Crawled caption data -

- - -

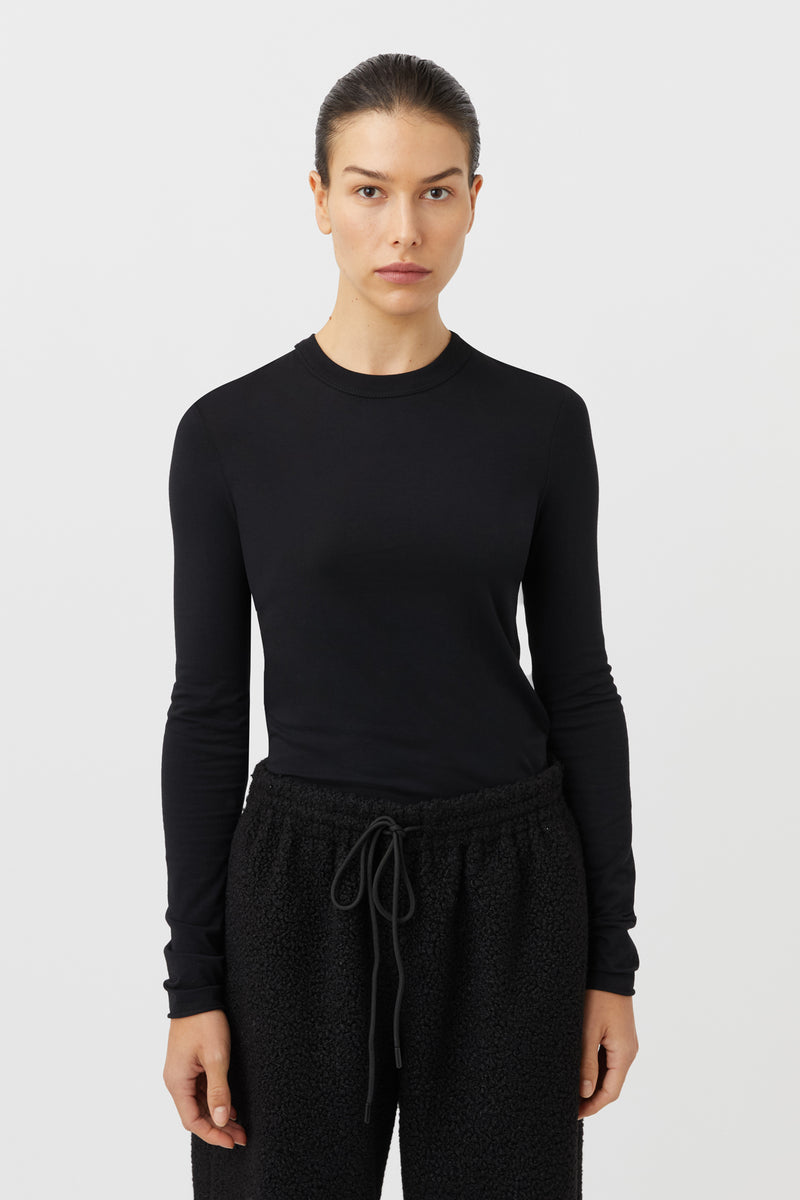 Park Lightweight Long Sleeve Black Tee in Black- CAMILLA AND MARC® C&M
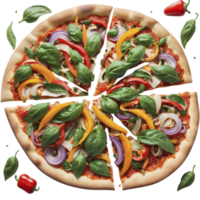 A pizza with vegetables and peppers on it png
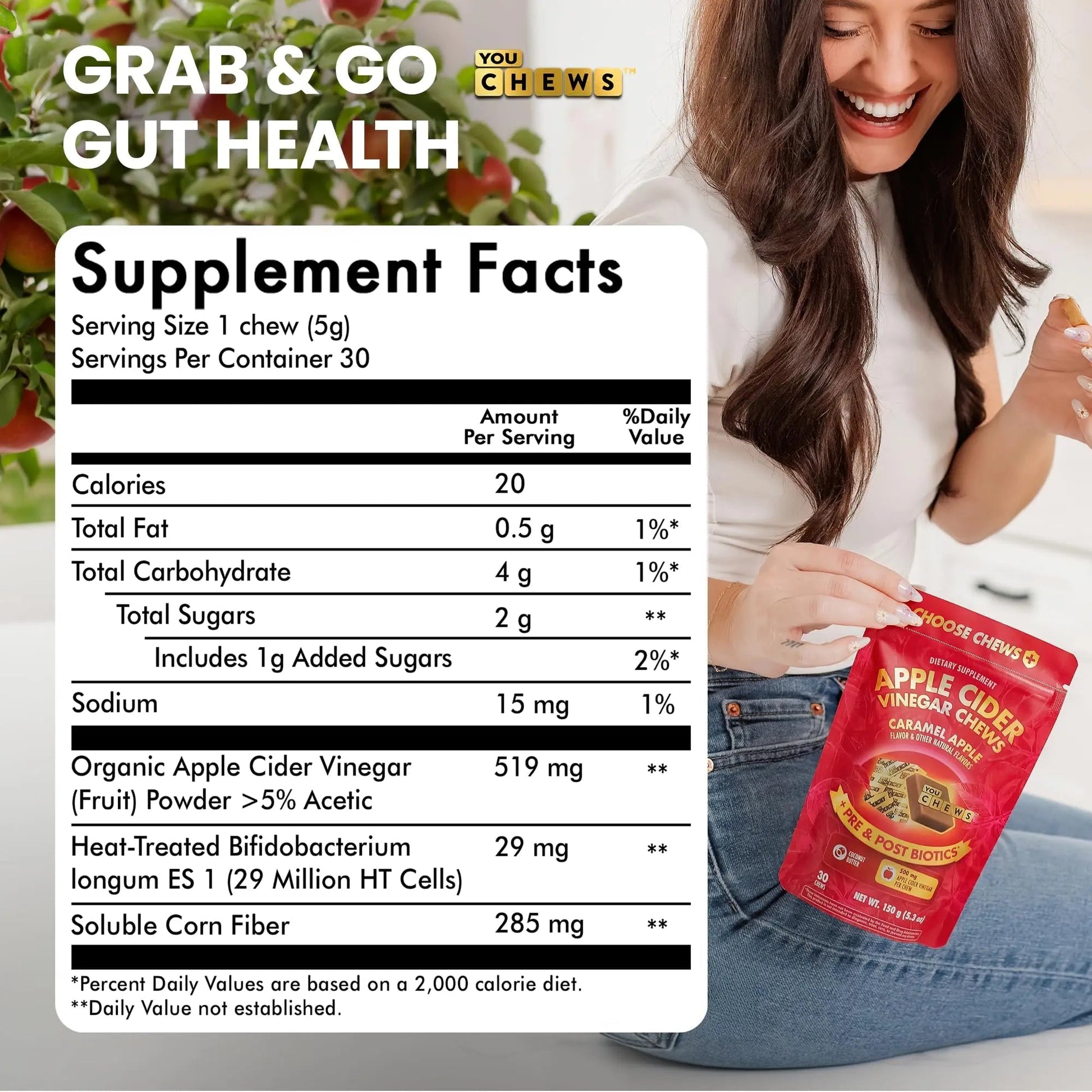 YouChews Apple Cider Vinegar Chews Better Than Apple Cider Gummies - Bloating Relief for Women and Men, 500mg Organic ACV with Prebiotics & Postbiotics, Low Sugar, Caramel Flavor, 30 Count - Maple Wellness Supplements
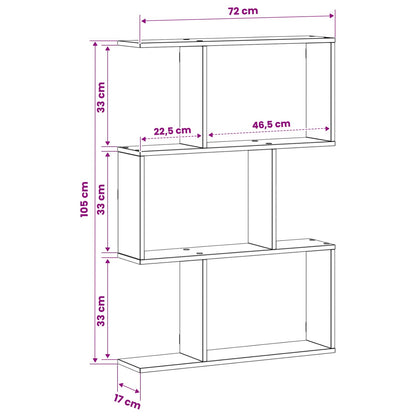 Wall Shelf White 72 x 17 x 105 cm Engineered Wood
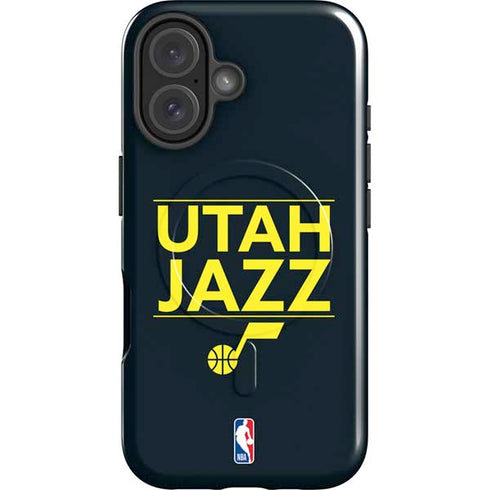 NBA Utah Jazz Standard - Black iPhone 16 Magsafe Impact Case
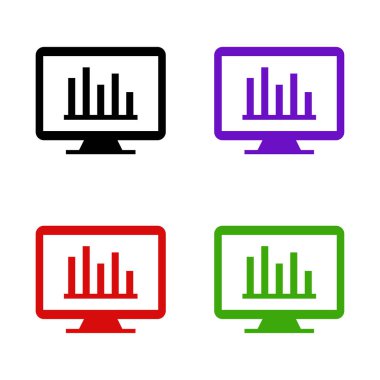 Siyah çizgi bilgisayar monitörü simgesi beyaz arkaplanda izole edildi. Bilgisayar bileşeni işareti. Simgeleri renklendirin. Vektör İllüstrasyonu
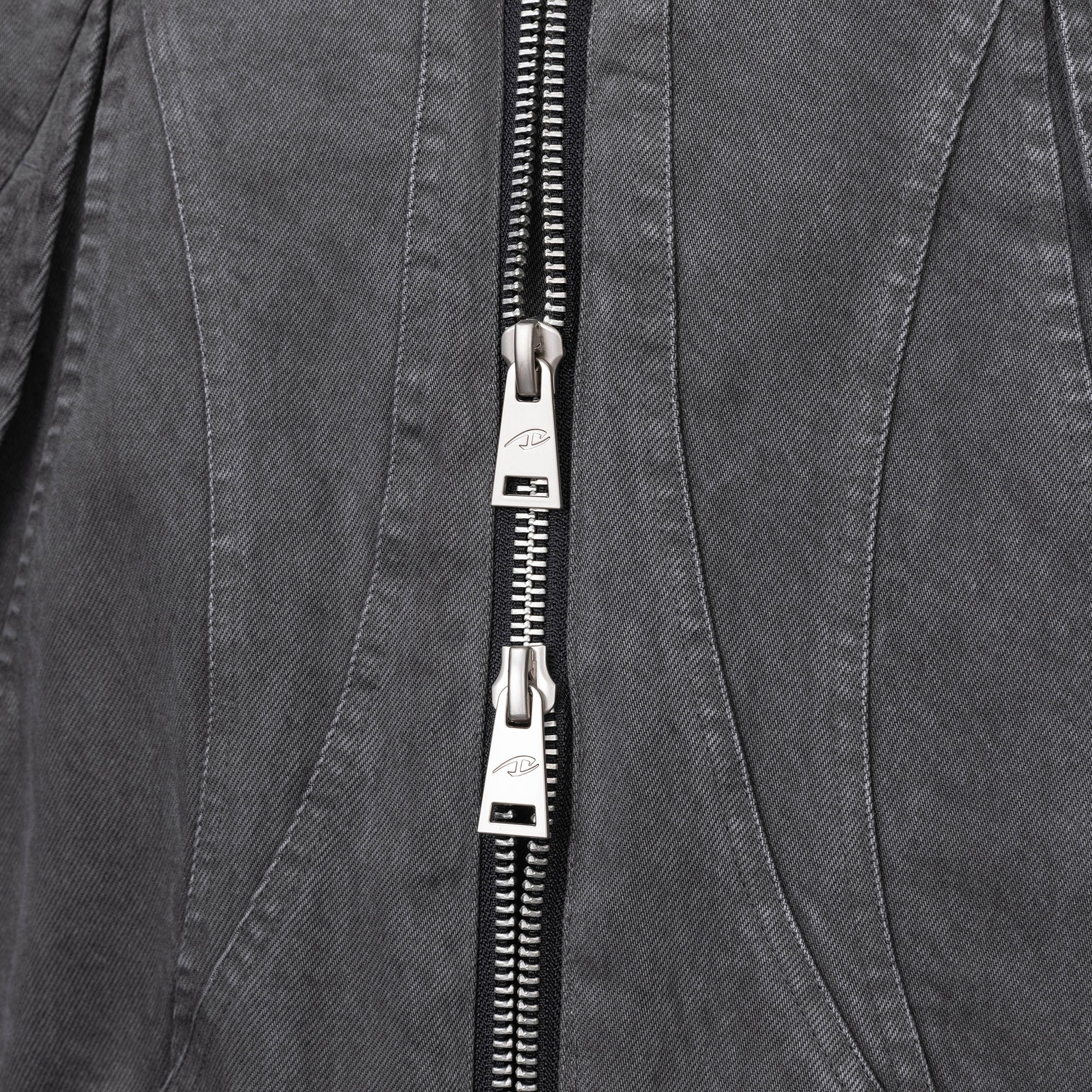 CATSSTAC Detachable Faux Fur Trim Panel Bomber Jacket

- - -

Work item -
What you write must match, line for line, the records from the line containing "Wall Shelf White" through the last line, with every picture left out.

Answer below -
 Wall Shelf White 72 x 17 x 105 cm Engineered Wood
 NBA Utah Jazz Standard - Black iPhone 16 Magsafe Impact Case
 Siyah çizgi bilgisayar monitörü simgesi beyaz arkaplanda izole edildi. Bilgisayar bileşeni işareti. Simgeleri renklendirin. Vektör İllüstrasyonu
 CATSSTAC Detachable Faux Fur Trim Panel Bomber Jacket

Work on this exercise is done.